I have something else I'm thinking about, as well, but my thoughts on that are so desperately unformed that I'm not going to inflict them on you all just yet. Thank Heaven for small mercies, y'all.
Are you gonna go/to the Sodom and Gomorrah show? First, one of the very few things I hated about Beyond Gay was the "scared straight" sections, in which statistics about AIDS, depression, etc were trotted out in a fatalistic, infuriating way reminiscent of DARE anti-drug propaganda. In his talk at the Four Fields, Morrison seemed to be going down that road as he began to talk about how many friends he had lost to AIDS and how that experience was part of the beginning of his journey to the Church. It seemed, as he spoke, as if he were going to say that he was glad he'd been scared off that path before it was too late--as if there's anything admirable about running away when things get tough.
He really didn't, though. Instead he gave a much more nuanced description of how the close-up with mortality made him begin to question whether his life had meaning. I felt pretty awful for not listening to him more charitably, especially since he'd quite humbly made it clear that he was actually doing a lot of caring for people with AIDS during that time (although I still maintain that the current edition of Beyond Gay comes off badly in this regard, and I hope the revisions change that).
Is that all there is to a fire?: I did find myself thinking a bit about my own first prayers, when Morrison described his. Not counting a childish (hey, I was like eight) demand that God show himself or I wouldn't believe in him, the first time I prayed I'm pretty sure I just said, "Lord, cure my unbelief" (possibly without the "Lord"), on my knees before bed.
Nothin' happened.
Is that all there is?
So, like, St. Paul gets knocked off his daggone horse. David Morrison gets reasonably quick service, with God making His presence known as soon as he began seriously to pray. Me? Not so much.

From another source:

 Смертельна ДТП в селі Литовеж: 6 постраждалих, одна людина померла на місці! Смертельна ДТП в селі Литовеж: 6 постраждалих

But I am nothing if not annoyingly persistent. So I did keep praying. Meanwhile, as nothing in particular seemed to be happening in response to these prayers, I kept on with the philosophical stuff that had gotten me on my knees in the first place--clearing away a huge heap of misunderstandings, building the scaffolding I'd need to understand any experience of God I did end up having, basically teaching me the language I'd need to know before I could even grasp that God was talking rather than just, you know, static on the line. And eventually (I seem to recall it took a week or two?? could be wrong--at the time it seemed long, and now seems ridiculously short and easy compared to others' years of seemingly fruitless searching, begging, and interrogating) I did come for the first time to the recognition of the Creator God, the maker or speaker of things in the world, and that was what I needed at the time. The rest of the getting-Catholic stuff followed more or less swiftly from there, and it was a while, I think, before I had intellectual doubts rather than just deep mistrust and the fear of hurting others and myself by entering the Church.
...Uh, this was supposed to be about David, right? SELF-ABSORBED CAT FINDS HERSELF FASCINATING.
Mission bell: After he began to pray and read the Bible, Morrison had to figure out where to park himself, churchwise. He'd had mixed/not-great experiences growing up Southern Baptist, and it sounds like his partner had had worse experiences with evangelical fundamentalism, so those were off the table.
And so he remembered the Episcopalian ministry to people with AIDS, with which he'd worked in the past. So that's where he went.
Unsurprisingly, I was reminded of the recent discussions at Amy Welborn's place, about mission, the ways Catholics can evangelize and the ways we probably shouldn't. Amy tossed off a tart one-liner to the effect that, you know, you could always try the corporal works of mercy.
And I was also reminded of a post somewhere or other, which I now can't find and am probably misremembering, about feeling really frustrated with the ways in which evangelization gets done, or something like that, and wondering if it wouldn't be best if Christians just lived Christian lives and didn't actively seek to witness to others. And because my inner monologue (monologue! monologue! mono--d'oh!) can get very bitchy at times, I'd thought to myself, "Oh yeah, because Christ totally told us to go out and make next-door neighbors of all nations."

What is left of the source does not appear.